The same process can also be used with a Powered-Off motion system. In that case it shows the pure Mechanical nozzle-bed distance, allowing to find how much mechanically in / out of tram the bed corners are, the total amount of mechanical bed bowing + core XY surface 'saddle-ness', etc. This can be used, for instance, to flatten a bed with high temp tape, or make the bed as mechanically mean-parallel as possible across the whole coreXY surface.
Also, many people seem confused by what a printer's automatic Z compensation or "bed leveling" does. For single-Z-stepper printers like Bambus that can not auto mechanically level the bed's 4 corners (unlike a Voron), what it does is:
- makes the nozzle follow the bed shape by artificially Z-deforming the CoreXY-saddle surface the nozzle would otherwise mechanically follow (saddle shape because core XY rails are never 100% parallel / horizontal)

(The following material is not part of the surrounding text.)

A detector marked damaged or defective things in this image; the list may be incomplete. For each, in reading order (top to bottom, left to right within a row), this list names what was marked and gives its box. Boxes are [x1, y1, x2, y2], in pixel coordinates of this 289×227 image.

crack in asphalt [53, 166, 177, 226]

- digitally warps our parts' geometry so their bottom surface matches the bed shape, thus increasing the chance that the first layer is successful / good looking
But it does NOT make the bed flat (think about it). So, for engineering parts with tight flatness, parallelism, and dimension tolerances, ending up with a non-flat bottom surface is a NO-NO.

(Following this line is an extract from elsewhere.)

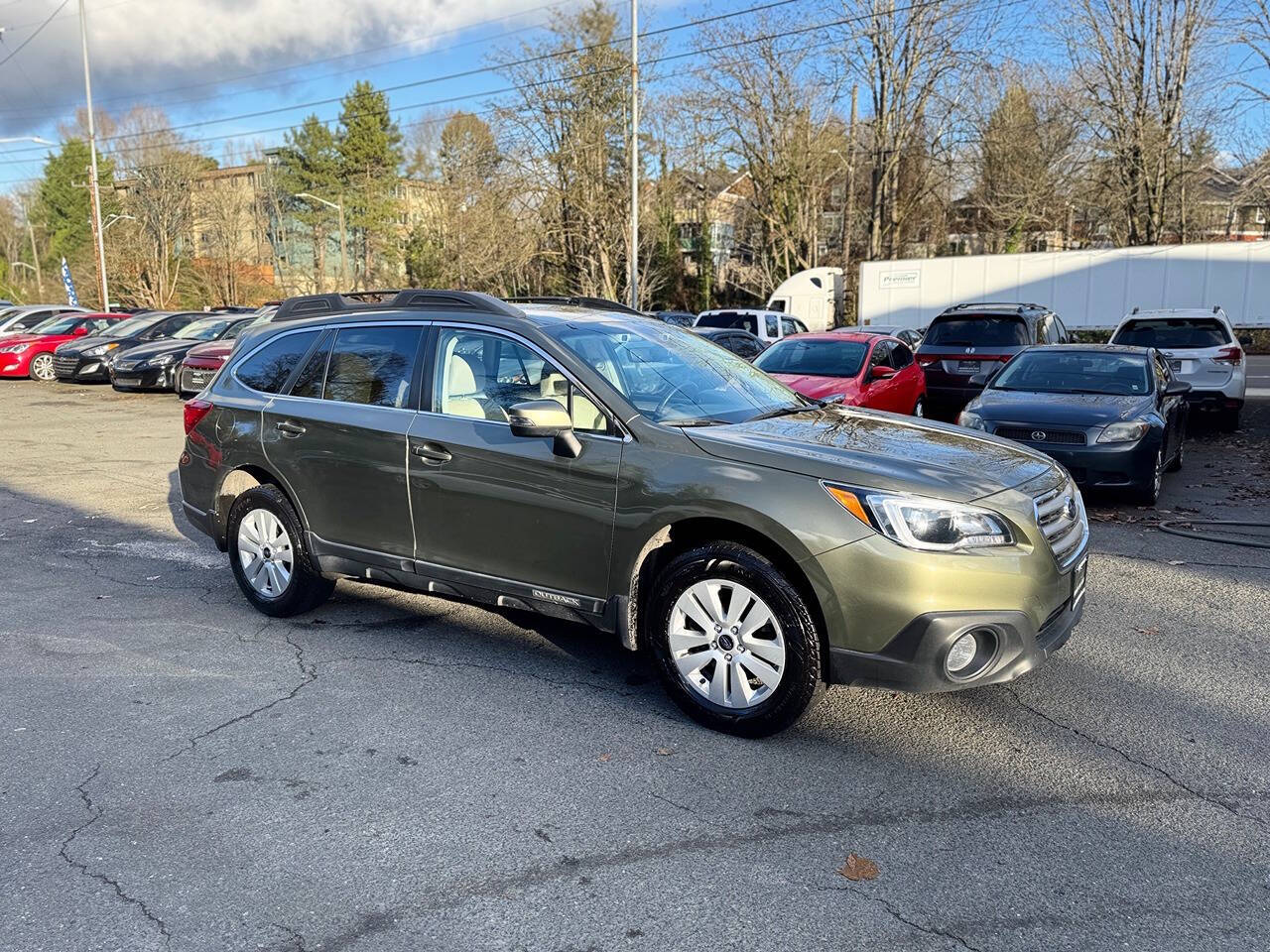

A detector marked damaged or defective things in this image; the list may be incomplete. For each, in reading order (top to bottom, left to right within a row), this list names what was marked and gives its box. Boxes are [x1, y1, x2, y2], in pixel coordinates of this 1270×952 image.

cracked pavement [0, 383, 1264, 952]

I design and print engineering parts. That's why I'll also use this technique at a future time in Power-Off mode, to tram and flatten my curled-up H2S bed. Indeed, Bambu doesn't recognize a bed bowing by close to 1mm as a problem, claiming that it is "in spec". Despite their Marketing's "Production & Engineering" claims for the H2 series, and selling a $140 Vision Encoder Calibration Plate for "50 micrometers precision". Yeah right, 0.05mm precision in XY but Z can go to lunch π
Anyway, anybody printing fidget toys, figurines, lifestyle parts, basic repair parts, etc, will likely never need to bother with such a technique. So don't sweat it π
Multisteps Feeler Gauge
The gauge consists in twenty 0.1mm steps, from 5mm to 6.9mm thick.
Print settings
- use ABS if planning to map with over 50°C bed temps. Otherwise PLA is fine
- 0.2 nozzle if want crisp text, 0.4 otherwise
- 0.12 layer height
- 4 walls, 6 top & bottom layers
- 30% sparse infill, adaptive cubic
Methodology
1. Preheat the bed
In my case the worst issue with the bed's back left corner was with ABS. So the bed was preheated to 90°C and left to soak for 30' before starting the measurements.
2. Home the XYZ motion system
Not sure that's a step on all printers, but it is a prerequisite on Bambus to take manual control of the X, Y and Z axis.
Once homed in, pick a corner of the bed as your 0,0 XY coordinate that also corresponds to the maximum X and Y range in that direction. I.e. that corner must be a hard XY stop for the motion system.
This way, if you lose count of where the head is while making measurements you can always come back to that fixed 0,0 hard stop. That will reset any lost-track-of XY offset, so you can start counting interval steps again back to where you were, without having to start over again.
On Bambu X/P/H series, and most Core XY printers, that XY end-of-range is either the front left or the front right bed corner. Not the back of the bed, as their Y axis extends way past the bed, as the head needs to reach the poop chute, nozzle wiper, etc.
Move the toolhead in the Z axis until the printer thinks the nozzle is 6mm above the bed. Then move the toolhead in X and Y until the nozzle is positioned at your 0,0 corner of choice.
3. Pick the XY grid interval for measurement, and prepare the spreadsheet
Although mapping Z distances every 10mm would result in a nice smooth visual map, it'd be 26x26 = 676 points for a 250x250mm bed. Good luck.
So, for the 340x320 bed of the H2S I picked a 40mm interval, for a total of 90 points. Here is the grid ready for measurement:
Then, later, I added a few more
points at 10mm intervals but only around areas of concern, like near my bed's curled up back left corner.
4 - Measure the distances
Starting at the 0,0 corner, measure the distance between the nozzle and the bed by sliding the gauge in until a slight resistance is felt.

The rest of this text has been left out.